Montaigne said about traveling…

“…the mind is constantly stimulated by observing new and unknown things. No propositions astonish me; no belief offends me, however much opposed to my own.” Frank Zolfo said, “it’s about living in a bigger box.”

Traveling! How many of my initial judgments and biases about issues or other travelers were revealed to be wrong, or only one side of the coin, one slice of the pie. There was always another piece to understand, and a traveler to gobble it up with. As my hair grew long and body hard, travelers helped bring out the mellow hippie inside. The strong control I expressed in my prior life had been reduced to limited control, such as where to sleep, food and water, and a place to relieve myself. I lived in nature responsible for just my backpack and its contents. I was a kid again; experiencing a world of newness. The only thing I knew for sure was that every place I went I would see something I never saw before, and I would meet someone.

With travelers I didn’t experience conflict. There is a pure intimacy between people going someplace for many of the same reasons. You know nothing about each other, except what is communicated, and what is communicated is often deeply intimate. There’s all the time in the world to explore intricate issues for which you have a common level of understanding that comes with being physically and mentally present.

When you have a year to travel there is time to absorb life and understand how it developed and why, to consider change, and learn how change is accomplished. It took until the tundra in Russia to embrace the traveler personality, and let go of control. It’s not that I disliked who I was before, or that I didn’t enjoy my two grown daughters, my wife, family and friends back home; rather the freedom of having little control was so intoxicating. To flow with the winds of fate; now that is a truly risky proposition.

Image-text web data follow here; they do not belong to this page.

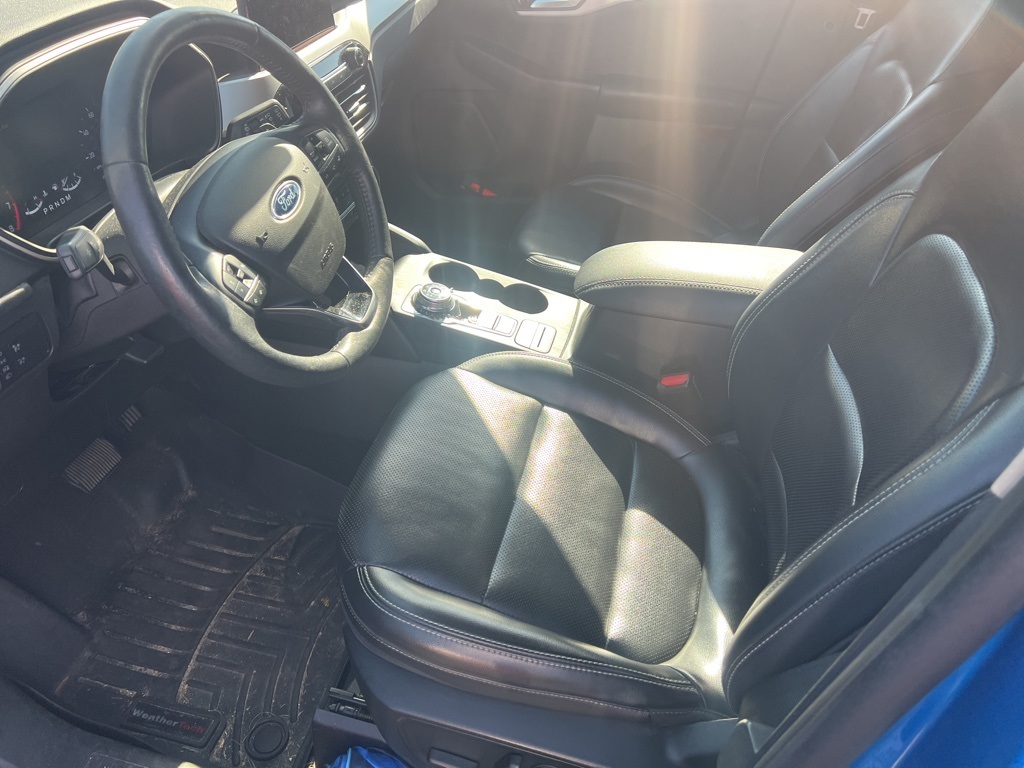 2020 Ford Escape SEL photo 4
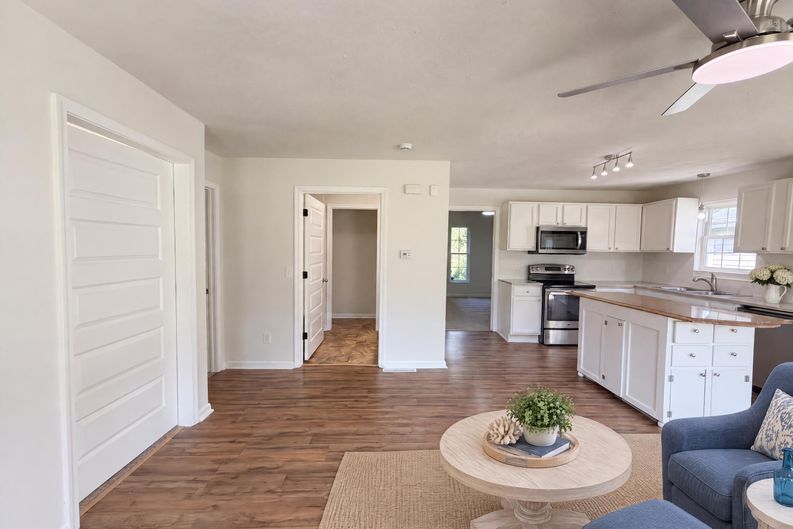 Photo 11 of 33 of 4982 Follansbee Rd, Winston Salem, NC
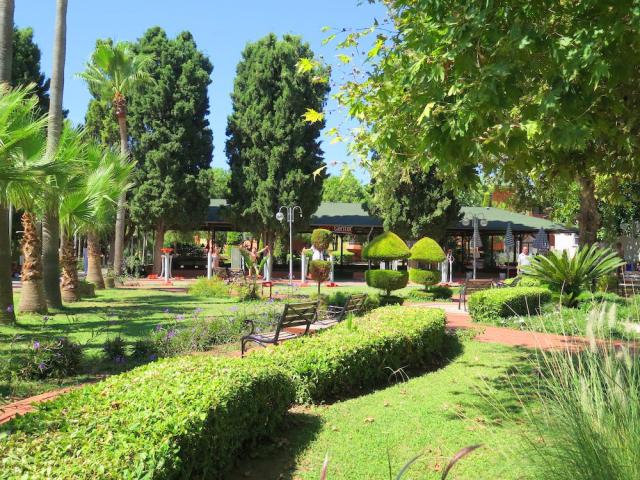 Turecko - Alanya - Hotel Lonicera Resort and Spa - záhrada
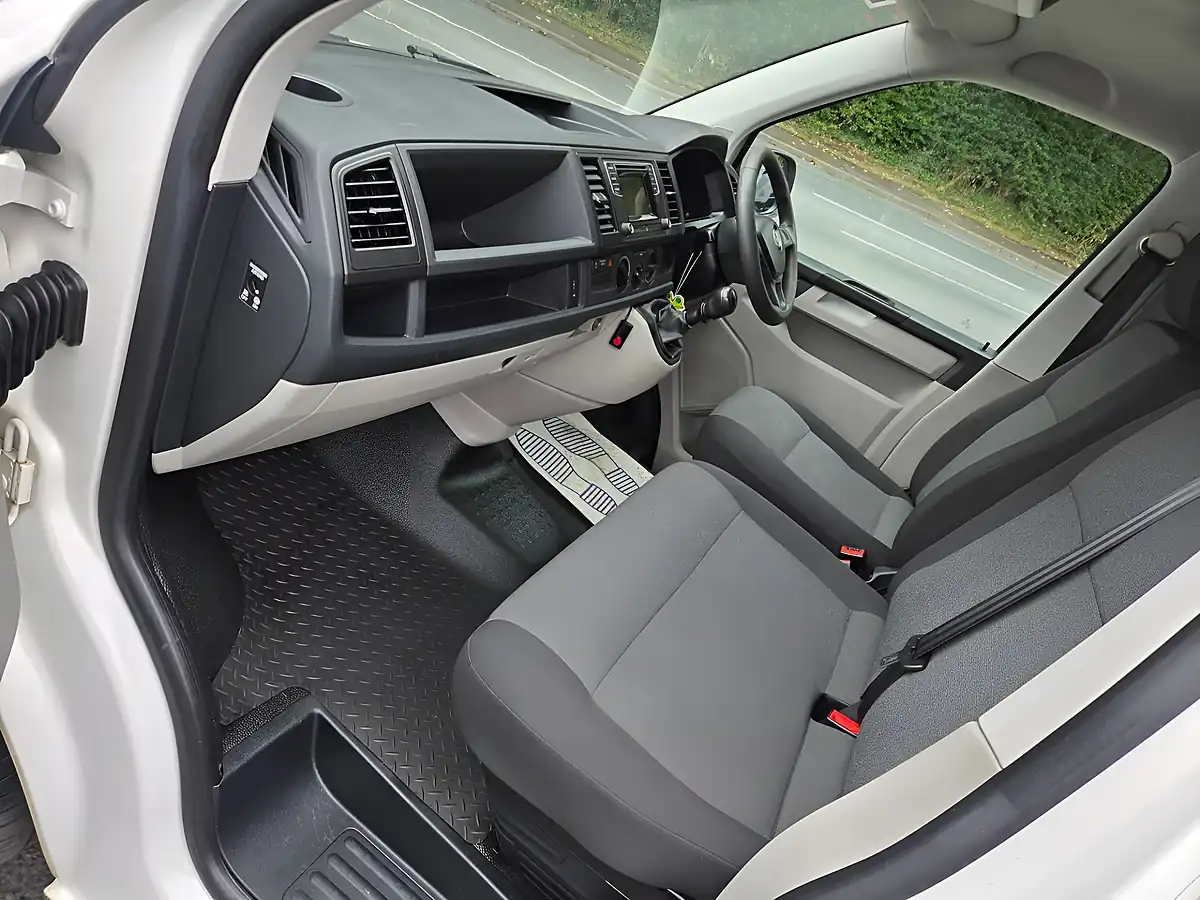 Used 2019 Volkswagen Transporter Startline White - Interior and Exterior details 5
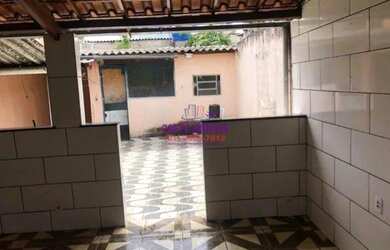 Imagem: A casa possui 2 Dormitórios, 1 Banheiro, 1 Vaga na garagem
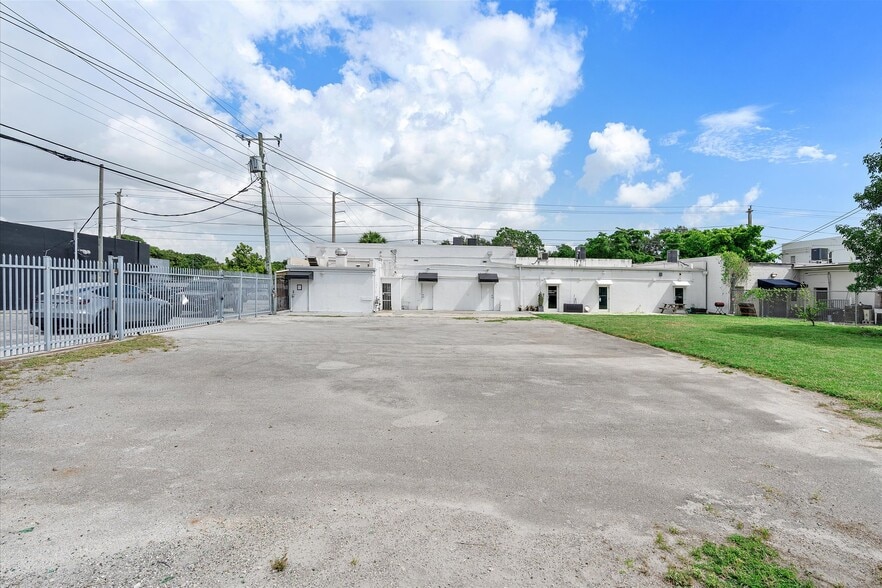 More Photos Of 2829 NW 13th Ave, Miami Storefront Retail Office For Lease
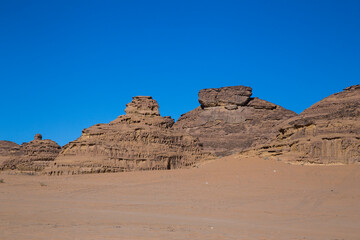 al ula rocks and limestones 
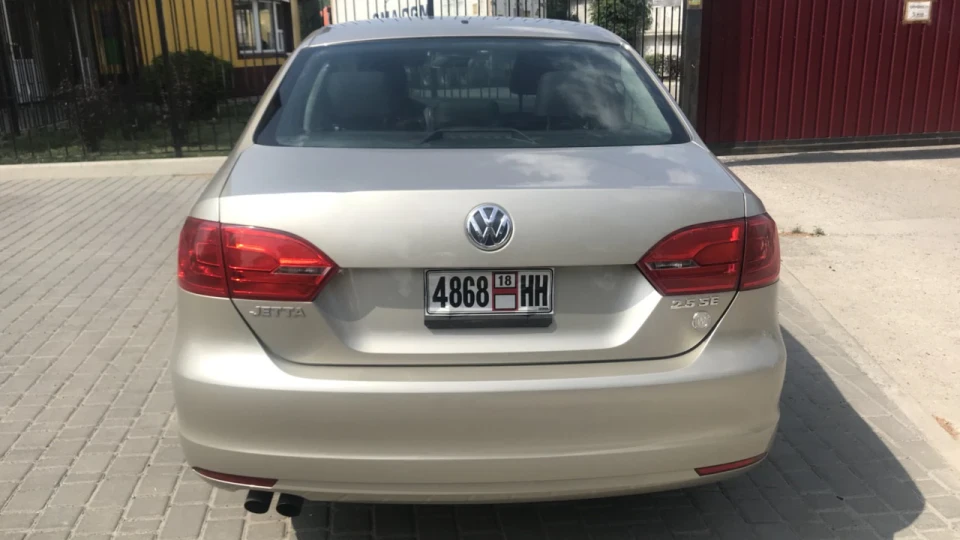 Volkswagen Jetta 2.5 SE USA 2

Six months to travel the rest of the world, I thought, six months and I would achieve the vision I carried through life, a vision of a great family and enough money so no one could pull my strings, a vision only now coming into focus. I had broken the old humpty-dumpty, put myself back together again, and wondered if the changes would stick; wondered if I had what it takes to strike some reasonable balance between three seemingly conflict prone desires – family, money, and no strings? And how would Malgosia fit in when I returned? How would someone a world away fit in? How would I fit in?